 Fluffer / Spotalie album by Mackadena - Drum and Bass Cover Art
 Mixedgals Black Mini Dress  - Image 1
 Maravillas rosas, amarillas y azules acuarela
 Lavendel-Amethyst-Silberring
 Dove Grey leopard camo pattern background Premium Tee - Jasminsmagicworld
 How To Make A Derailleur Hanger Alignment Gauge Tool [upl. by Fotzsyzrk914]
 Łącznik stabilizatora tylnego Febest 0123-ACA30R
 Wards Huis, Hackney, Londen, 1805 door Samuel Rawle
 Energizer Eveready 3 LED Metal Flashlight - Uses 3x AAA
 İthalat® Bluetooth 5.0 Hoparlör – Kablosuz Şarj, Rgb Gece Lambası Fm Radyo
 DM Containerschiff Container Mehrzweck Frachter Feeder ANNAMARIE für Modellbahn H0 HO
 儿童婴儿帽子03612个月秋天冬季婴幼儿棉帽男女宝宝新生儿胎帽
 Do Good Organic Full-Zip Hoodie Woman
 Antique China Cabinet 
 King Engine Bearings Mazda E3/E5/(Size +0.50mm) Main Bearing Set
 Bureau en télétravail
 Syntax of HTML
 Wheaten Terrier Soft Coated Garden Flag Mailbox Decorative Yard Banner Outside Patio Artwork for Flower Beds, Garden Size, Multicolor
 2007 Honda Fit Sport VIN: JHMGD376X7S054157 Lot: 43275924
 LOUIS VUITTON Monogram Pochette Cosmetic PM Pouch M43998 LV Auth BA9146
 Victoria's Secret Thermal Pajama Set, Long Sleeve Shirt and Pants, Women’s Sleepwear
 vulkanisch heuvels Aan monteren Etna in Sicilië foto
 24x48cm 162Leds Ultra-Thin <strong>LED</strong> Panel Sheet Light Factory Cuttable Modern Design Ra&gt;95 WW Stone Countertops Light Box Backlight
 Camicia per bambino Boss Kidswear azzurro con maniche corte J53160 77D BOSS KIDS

++++++++

- [How to complete this task]
Find the line with "King Engine Bearings" in the entries above. Retype it and each line after it, exactly, through the line with "Victoria's Secret Thermal", and stop there.

- [Exercise output]
 King Engine Bearings Mazda E3/E5/(Size +0.50mm) Main Bearing Set
 Bureau en télétravail
 Syntax of HTML
 Wheaten Terrier Soft Coated Garden Flag Mailbox Decorative Yard Banner Outside Patio Artwork for Flower Beds, Garden Size, Multicolor
 2007 Honda Fit Sport VIN: JHMGD376X7S054157 Lot: 43275924
 LOUIS VUITTON Monogram Pochette Cosmetic PM Pouch M43998 LV Auth BA9146
 Victoria's Secret Thermal Pajama Set, Long Sleeve Shirt and Pants, Women’s Sleepwear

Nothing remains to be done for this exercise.